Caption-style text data
Segment Open

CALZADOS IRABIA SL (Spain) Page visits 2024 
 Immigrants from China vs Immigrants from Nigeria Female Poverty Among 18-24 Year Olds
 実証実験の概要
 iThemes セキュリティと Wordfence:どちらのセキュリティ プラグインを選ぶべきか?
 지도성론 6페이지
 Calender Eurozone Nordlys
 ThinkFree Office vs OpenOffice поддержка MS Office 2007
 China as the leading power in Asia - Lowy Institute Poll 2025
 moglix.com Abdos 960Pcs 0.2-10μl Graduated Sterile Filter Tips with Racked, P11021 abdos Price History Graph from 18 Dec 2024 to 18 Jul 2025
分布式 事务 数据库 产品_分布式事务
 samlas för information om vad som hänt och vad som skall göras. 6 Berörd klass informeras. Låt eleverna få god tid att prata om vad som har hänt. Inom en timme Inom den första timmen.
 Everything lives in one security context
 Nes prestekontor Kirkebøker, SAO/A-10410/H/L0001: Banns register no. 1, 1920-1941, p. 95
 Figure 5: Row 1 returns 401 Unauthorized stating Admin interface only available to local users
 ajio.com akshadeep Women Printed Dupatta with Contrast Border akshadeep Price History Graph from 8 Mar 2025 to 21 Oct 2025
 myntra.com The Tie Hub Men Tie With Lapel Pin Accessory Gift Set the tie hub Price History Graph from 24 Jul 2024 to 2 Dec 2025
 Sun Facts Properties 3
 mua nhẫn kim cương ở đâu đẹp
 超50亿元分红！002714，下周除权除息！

Segment Closed

Within the records above, tally the lines that contain "from". Give the total and nothing more.

4